■ **TASK PROMPT**
Word for word, restate the lines from the one containing "2017 Buick Enclave" through the last line of the material, and include no pictures.

------------------------------------------------------------

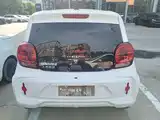 Фото 6 - Roewe Clever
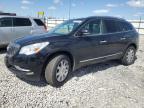 2017 Buick Enclave  للبيع في Cahokia Heights، IL - Front End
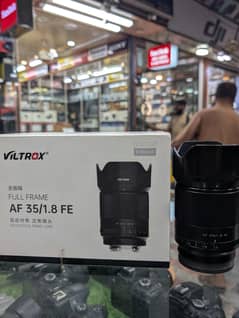 viltrox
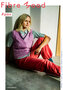 Fibre Mood - Editie 26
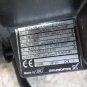 GRUNDFOS PUMP MG 90LA2-24FT115-C CRK2-220/14 P-W-A-AUUV RMA 40059328S-S11123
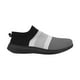thumbnail image 2 of TENIS CASUALES DAMA STYLO 327 TEXTIL NEGRO Stylo  327, 2 of 4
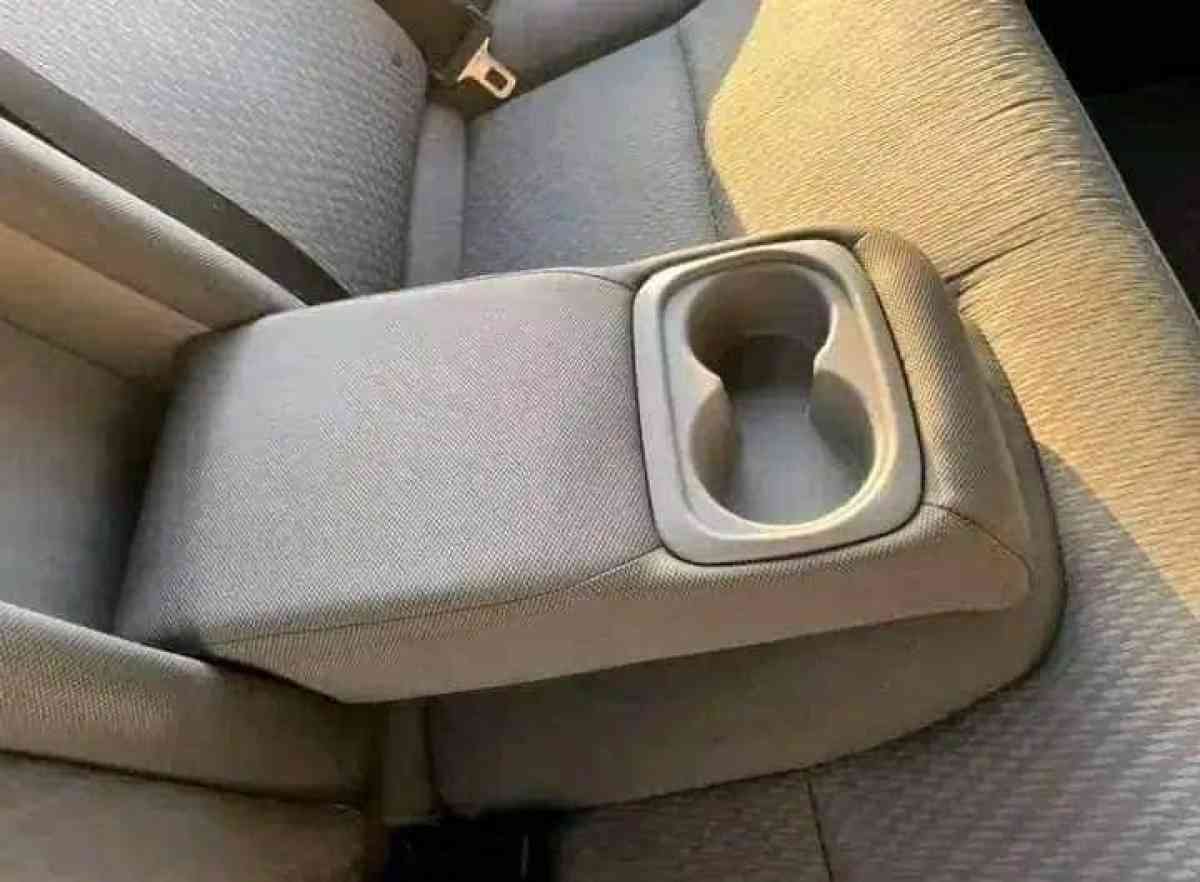 yes i am mobile - Atlanta, Georgia - FleaMarketBay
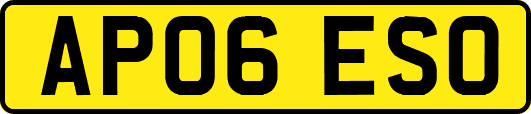 AP06ESO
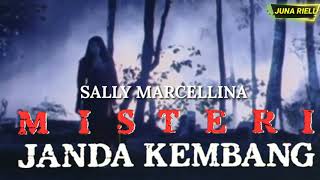 Extra Film MISTERI JANDA KEMBANG mabak HD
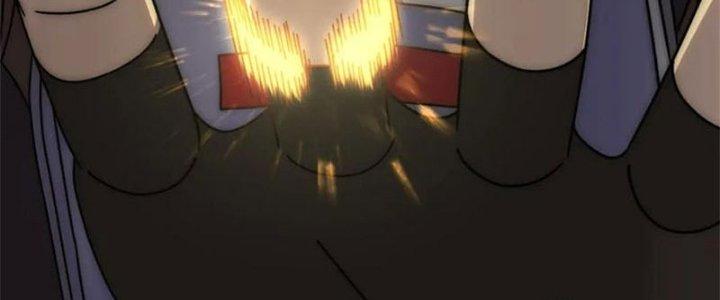 Mạt Thế Đạo Tặc Hành Chapter 129 - Trang 3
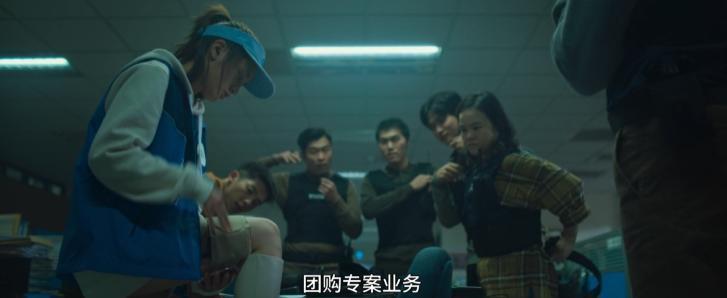 许光汉全裸，居然被骂翻了？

------------------------------------------------------------

■ **RESULT OF THE EXERCISE**
 2017 Buick Enclave  للبيع في Cahokia Heights، IL - Front End
 viltrox
 Fibre Mood - Editie 26
 GRUNDFOS PUMP MG 90LA2-24FT115-C CRK2-220/14 P-W-A-AUUV RMA 40059328S-S11123
thumbnail image 2 of TENIS CASUALES DAMA STYLO 327 TEXTIL NEGRO Stylo  327, 2 of 4
 yes i am mobile - Atlanta, Georgia - FleaMarketBay
 AP06ESO
 Extra Film MISTERI JANDA KEMBANG mabak HD
 Mạt Thế Đạo Tặc Hành Chapter 129 - Trang 3
 许光汉全裸，居然被骂翻了？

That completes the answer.